WHAT NEEDS TO BE DONE: Reproduce the records exactly. Leave the pictures out.

EXERCISE INPUT:
※

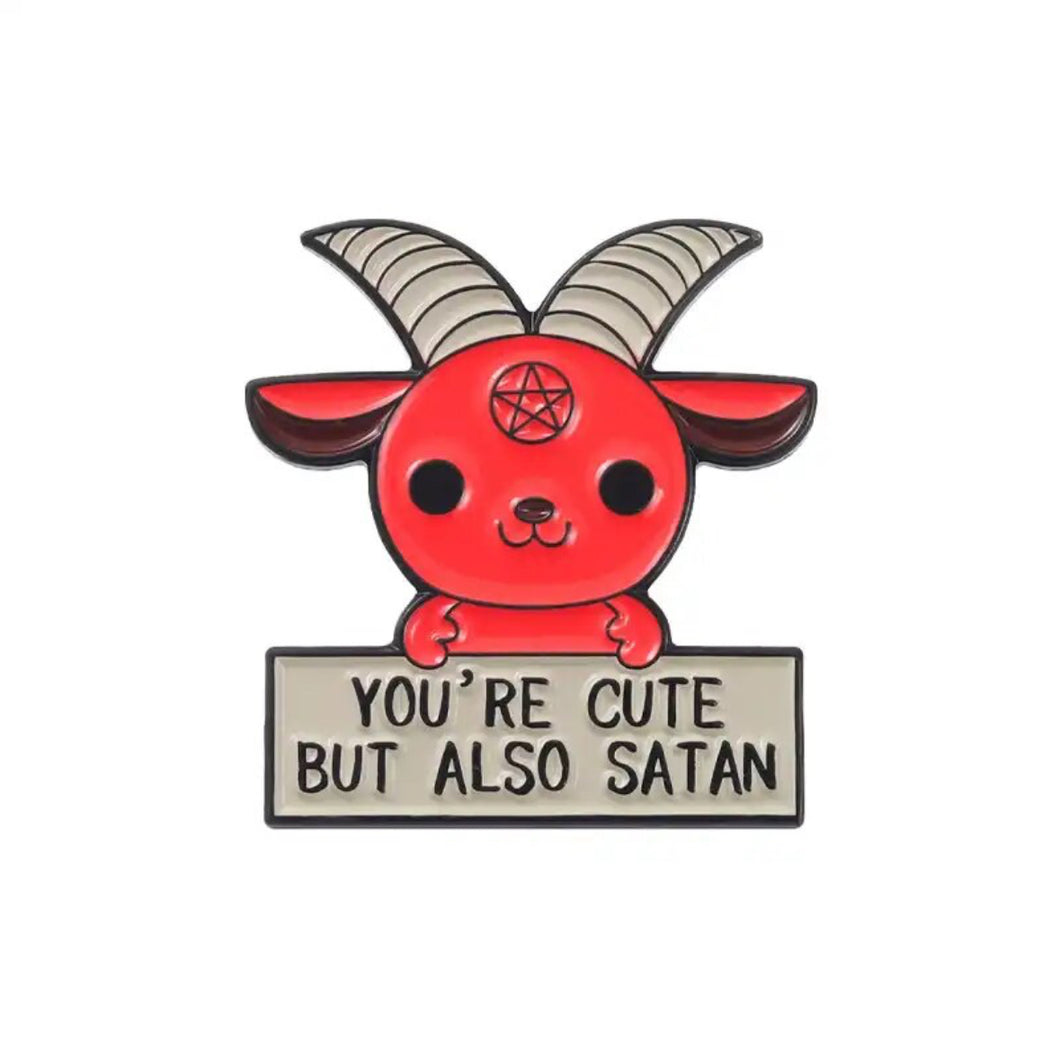 Pins / Badge - “You’re cute but also Satan”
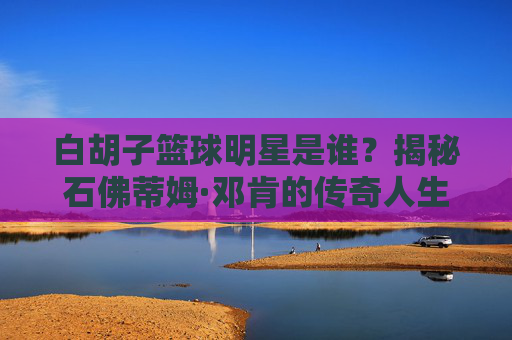 白胡子篮球明星是谁?揭秘石佛蒂姆·邓肯的传奇人生,揭秘白胡子篮球明星,石佛邓肯的传奇人生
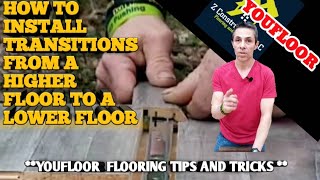 How To Install Transitions From A Higher Floor To A Lower Floor [upl. by Goetz]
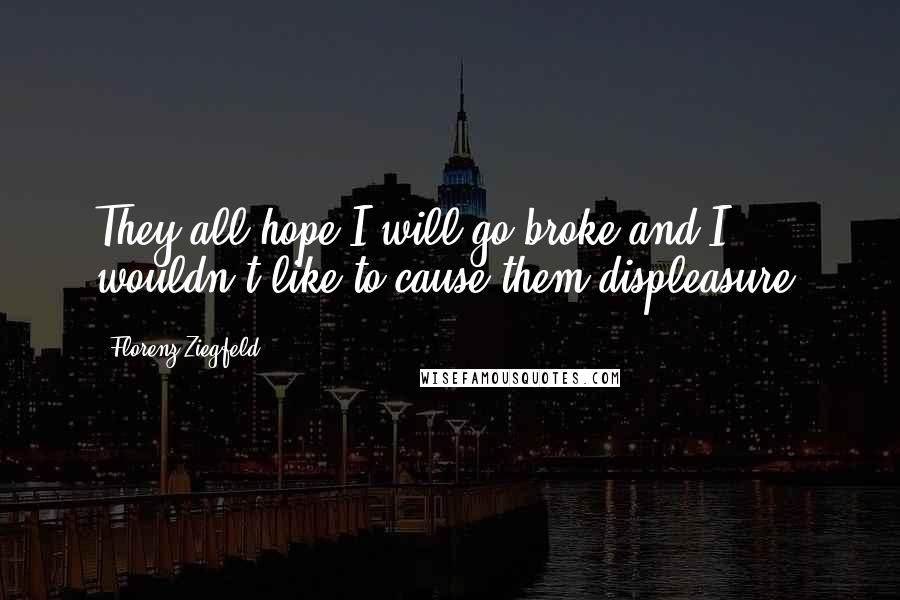 Florenz Ziegfeld Quotes: They all hope I will go broke and I wouldn't like to cause them displeasure.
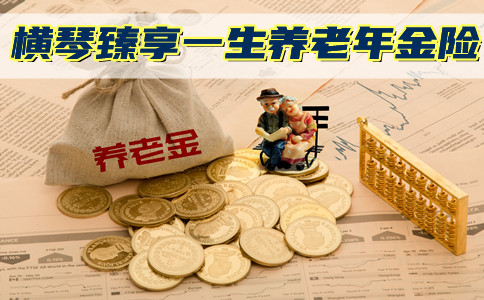 2021横琴臻享一生养老年金险有多优秀?收益高不高?年金怎么领取?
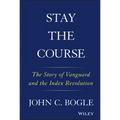 Stay the Course: The Story of Vanguard and the Index Revolution - Hardcover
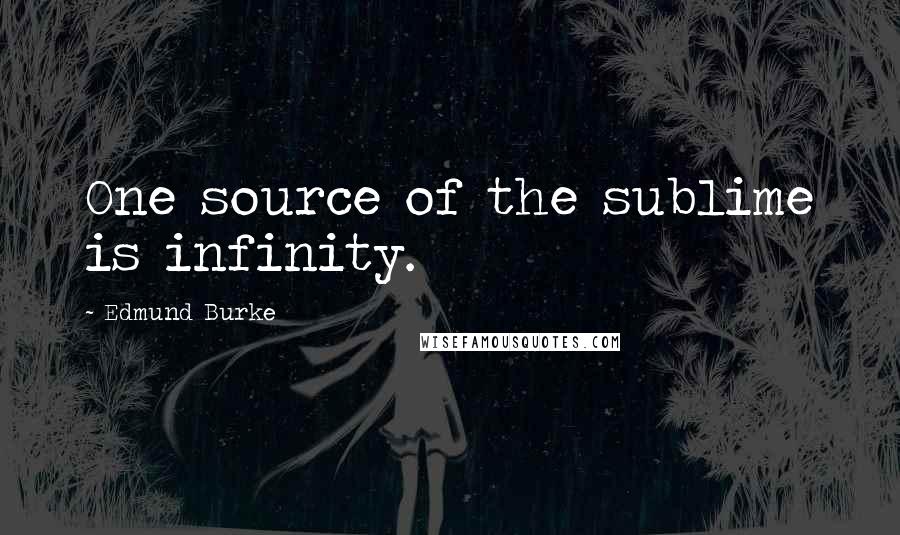 Edmund Burke Quotes: One source of the sublime is infinity.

※

SOLUTION TO THE PROBLEM:
 Pins / Badge - “You’re cute but also Satan”
 白胡子篮球明星是谁?揭秘石佛蒂姆·邓肯的传奇人生,揭秘白胡子篮球明星,石佛邓肯的传奇人生
 How To Install Transitions From A Higher Floor To A Lower Floor [upl. by Goetz]
 Florenz Ziegfeld Quotes: They all hope I will go broke and I wouldn't like to cause them displeasure.
 2021横琴臻享一生养老年金险有多优秀?收益高不高?年金怎么领取?
 Stay the Course: The Story of Vanguard and the Index Revolution - Hardcover
 Edmund Burke Quotes: One source of the sublime is infinity.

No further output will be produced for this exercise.